- Theatrical release poster
- Directed by: Douglas Sirk
- Screenplay by: St. Clair McKelway; Leo Rosten; Decla Dunning;
- Based on: Sleep, My Love by Leo Rosten
- Produced by: Ralph Cohn; Mary Pickford; Charles Rogers;
- Starring: Claudette Colbert; Robert Cummings; Don Ameche;
- Cinematography: Joseph A. Valentine
- Edited by: Lynn Harrison
- Music by: Rudy Schrager
- Production company: Triangle Productions
- Distributed by: United Artists
- Release dates: January 12, 1948 (Ottawa); January 27, 1948 (Los Angeles);
- Running time: 97 minutes
- Country: United States
- Language: English

= Sleep, My Love =

1948 film by Douglas Sirk

Sleep, My Love is a 1948 American noir film directed by Douglas Sirk and starring Claudette Colbert, Robert Cummings and Don Ameche. Adapted from the serialized novel of the same name by Leo Rosten, it follows a chronic sleepwalker (Colbert) who comes to believe a mysterious man is attempting to murder her. The film was co-produced by Mary Pickford. It has been called "a gaslighting thriller."

==Plot==
Alison Courtland, a wealthy New Yorker, awakens on a train bound for Boston with no memory of how she got there. When she phones her husband, Richard, the police listen in and overhear that she had threatened him with a gun. On a flight home, fellow passenger Bruce Elcott is attracted to Alison. Elcott, it turns out, knows one of her good friends.

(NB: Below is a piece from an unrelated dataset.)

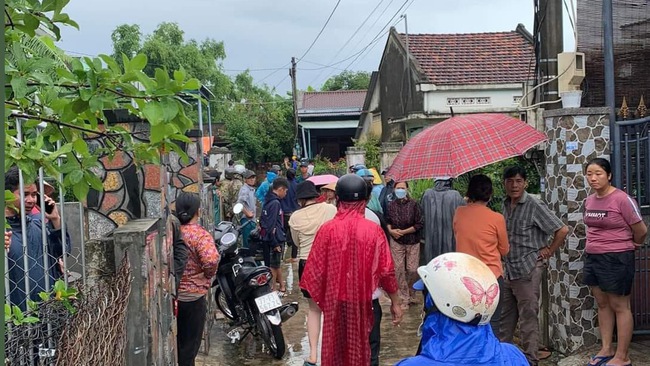 Nam thanh niên tâm thần truy sát, 3 người trong gia đình thương vong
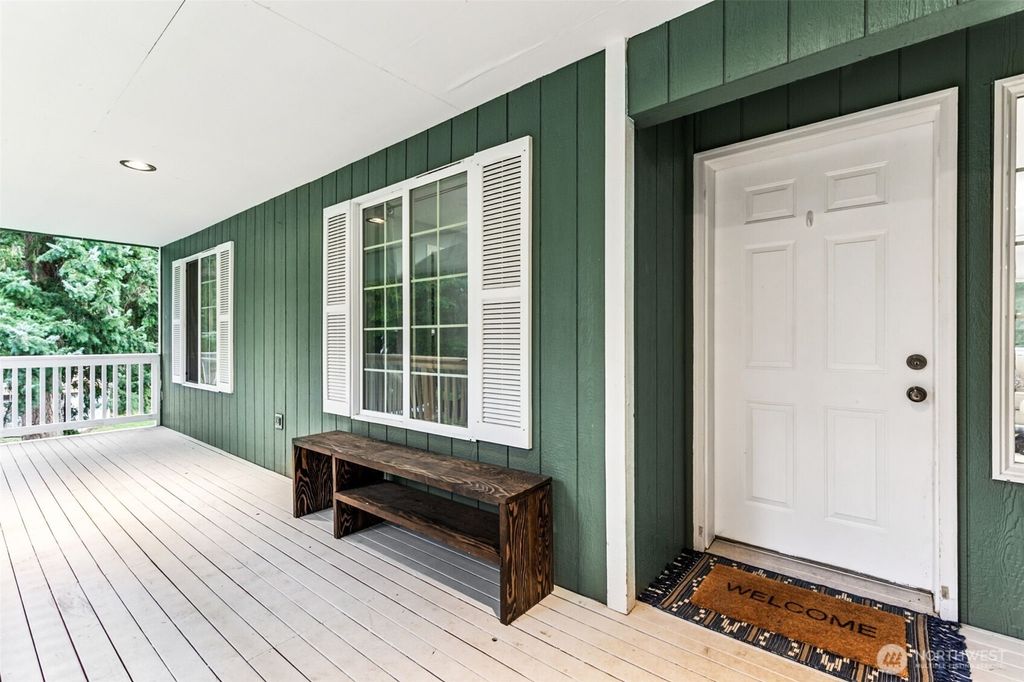 Photo of 22325 Perimeter Court SE, Yelm, WA 98597 (MLS # 2481952)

Back home, Richard makes Alison agree to start seeing a psychiatrist, Dr. Rhinehart. However, the 'doctor' who shows up at the house for their first appointment is not Rhinehart, but Charles Vernay, a photographer hired by Richard, who is having an affair with another woman, Daphne, and hopes to get rid of Alison for good.

Richard's scheme is to drive Alison to suicide and thus inherit her wealth. Elcott, who has come to suspect there is some kind of purposeful plan afoot to confuse and distress Alison, arrives just in time to find her, apparently under hypnosis, about to leap from a balcony to her death. Elcott discovers Vernay's role in the situation. Richard, meanwhile, attempts to drug Alison and make her kill the doctor herself.

Vernay realizes he has been betrayed and shoots Richard; Vernay is later killed by falling through a skylight while being chased by Elcott, after which Elcott and Alison are able to be together in peace.

==Production==
Screen rights for the story, which was written by Leo Rosten and had been serialized in magazines, were purchased by Triangle Productions in November 1946. Rosten wrote the first screenplay but The New Yorker writer St. Clair McKelway was recruited to contribute to the final version.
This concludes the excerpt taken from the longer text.